Sara Spanghero



Queer as the Sea: Representations of Fluid Adolescence in Literature and Cinema

During the 1920s, the traditional Bildungsroman is replaced by its modernist counterpart; this features adolescent protagonists whose development into mature adult is for some reason arrested.
The thematic analysis I carry out in my dissertation narrows down to a particular category of modernist Bildungsromane in which this condition of arrested development is effectively symbolised in the relationship of the main characters with the dimension of the sea (and/or with the element of water in general).
Among others, I particularly focus on the work of James Joyce (A Portrait of the Artist as a Young Man, selected chapters from Ulysses and selected short stories from Dubliners) and of Virginia Woolf (The Voyage Out, To the Lighthouse). Moreover, I expand the scope of my investigation to cinema and compare the representation of the relationship adolescence/sea in the two media. While I mostly concentrate on English literary Modernism, as far as cinema is concerned, I mainly focus on the French New Wave (especially on some of François Truffaut's films), which developed in the late 1950s.

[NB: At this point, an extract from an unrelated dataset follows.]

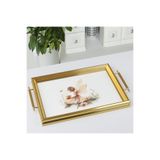 AiroBazar Büyülü Peri İllüstrasyonlu Lüks Gold Çerçeveli Servis Tepsisi, Dikdörtgen Kulplu Dekoratif Çay Kahve Sunum Tepsisi 50x31cm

Even though apparently disconnected in space and time, these two cultural movements share significant commonalities with regard to the representation of adolescence. The protagonist's achievement of adulthood is constantly deferred, thereby also refusing/failing to align with an established social norm, which is often epitomised in the (heterosexual) marriage. Starting from this premise, I consider the characters of the works I examine as queer individuals, thereby intending to highlight the natural fluidity of identities that these figures advocate, which is in turn symbolised by the aquatic element.